Extracted entries

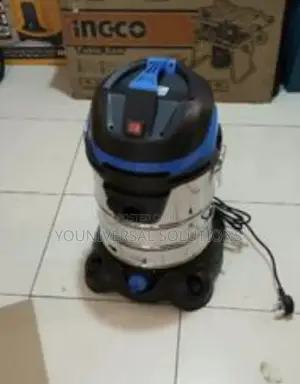 Premier 25L Vacuum Cleaner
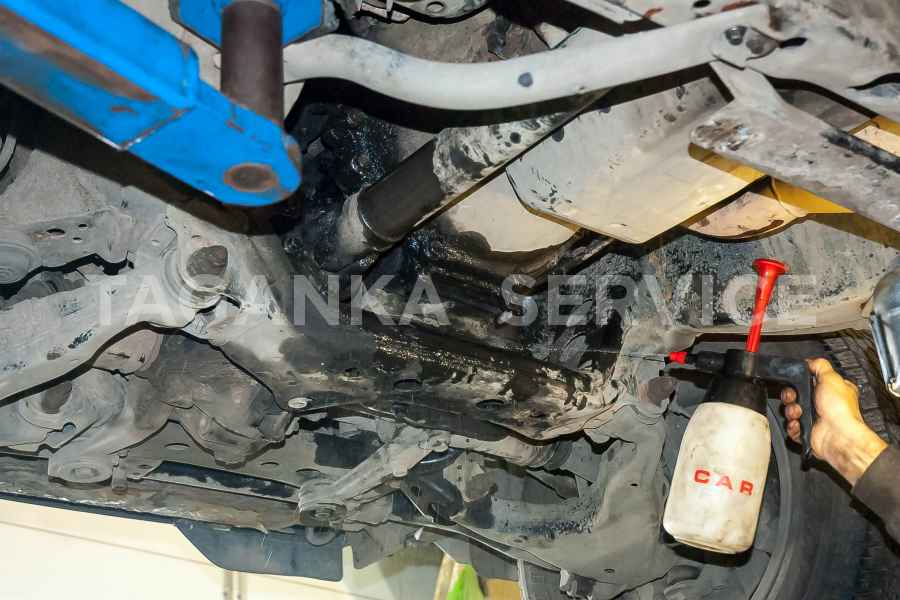 Замена заднего сальника коленвала Toyota Land Cruiser Prado 150 с дизельным двигателем - фото 19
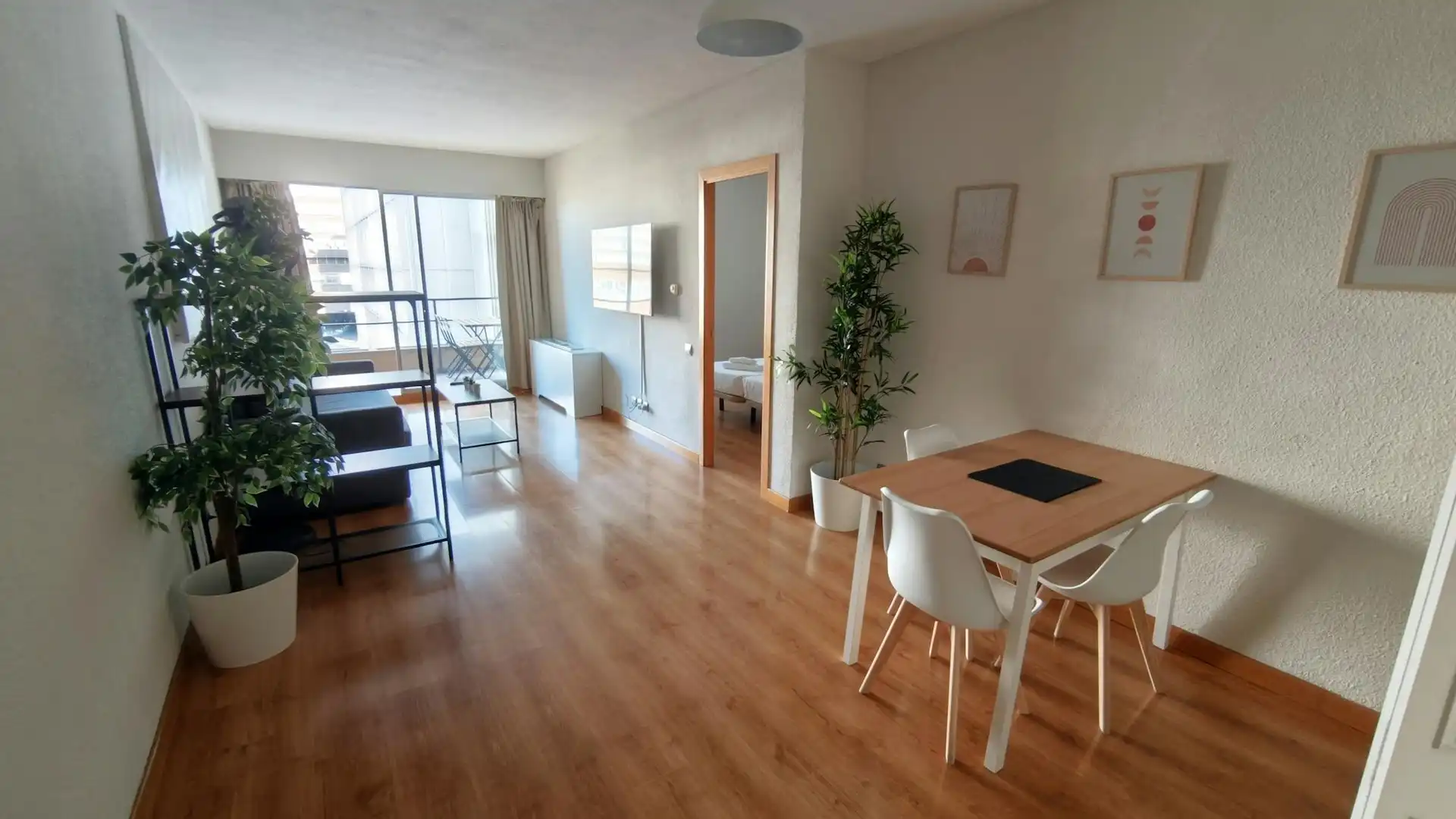 Living room of Flat for rent in Madrid  with Air Conditioner, Heating and Private garden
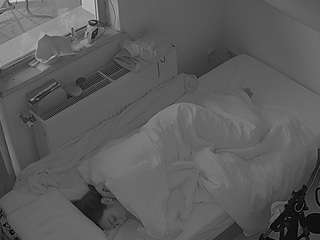该模特正在直播。 voyeurcam-julmodels-bed-7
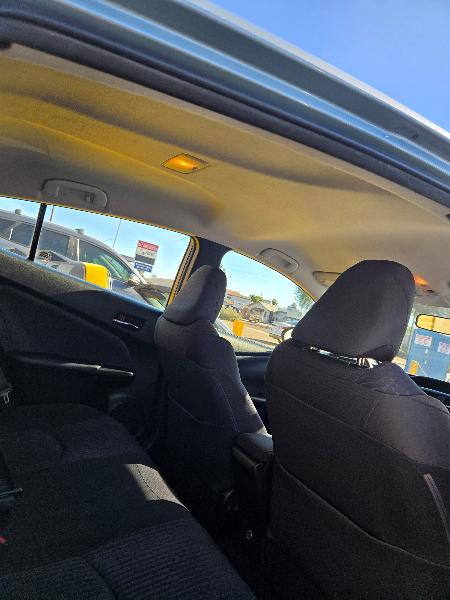 Toyota Prius Two 2016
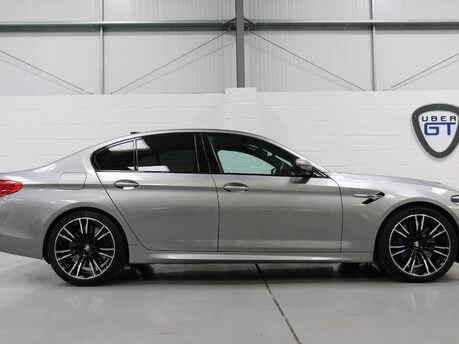 BMW M5 Comfort, Driving Assistant Plus Pack, M Exhaust and B&W
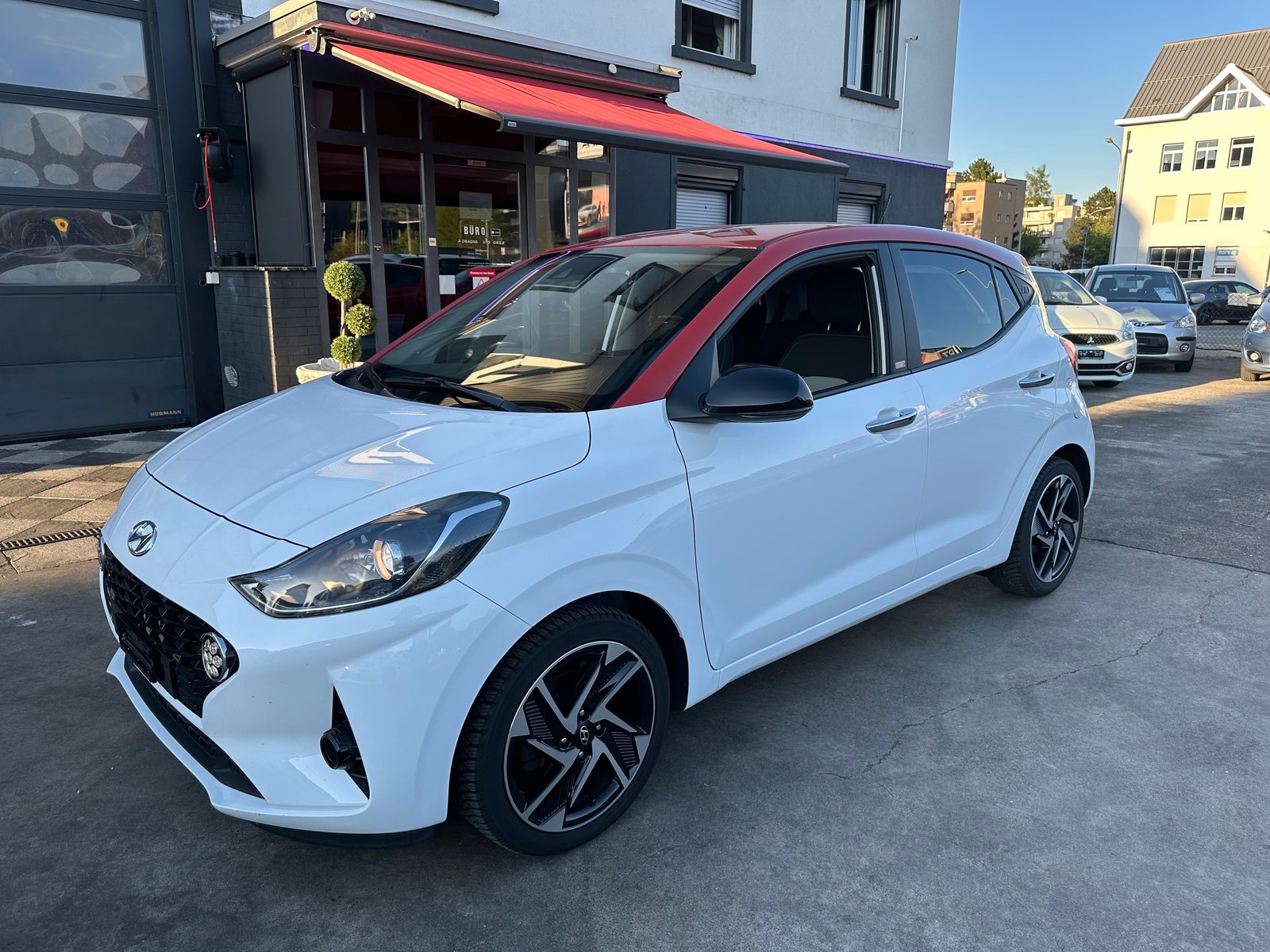 HYUNDAI i10 1.2 Launch Plus Automat, Essence, Occasion / Utilisé, Automatique - 6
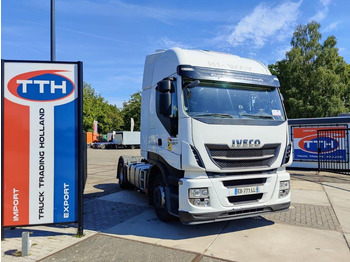 Tahač IVECO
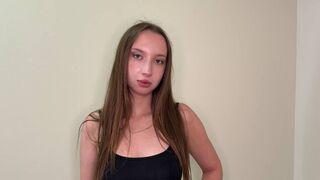 Free Nude WavaHascall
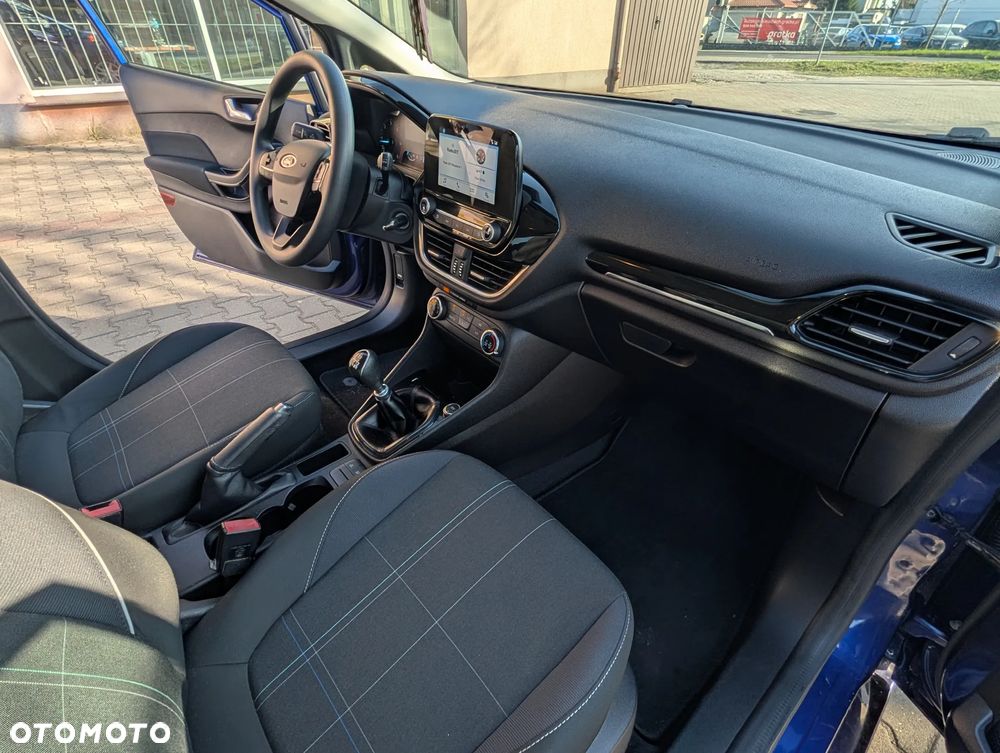 Ford Fiesta 1.5 TDCi ACTIVE - 22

How to complete this task
The expected output is the exact run of lines from the one containing "该模特正在直播。 voyeurcam-julmodels-bed-7" through the final line of the data above, both ends included, with no pictures.

Task result
该模特正在直播。 voyeurcam-julmodels-bed-7
 Toyota Prius Two 2016
 BMW M5 Comfort, Driving Assistant Plus Pack, M Exhaust and B&W
 HYUNDAI i10 1.2 Launch Plus Automat, Essence, Occasion / Utilisé, Automatique - 6
 Tahač IVECO
 Free Nude WavaHascall
 Ford Fiesta 1.5 TDCi ACTIVE - 22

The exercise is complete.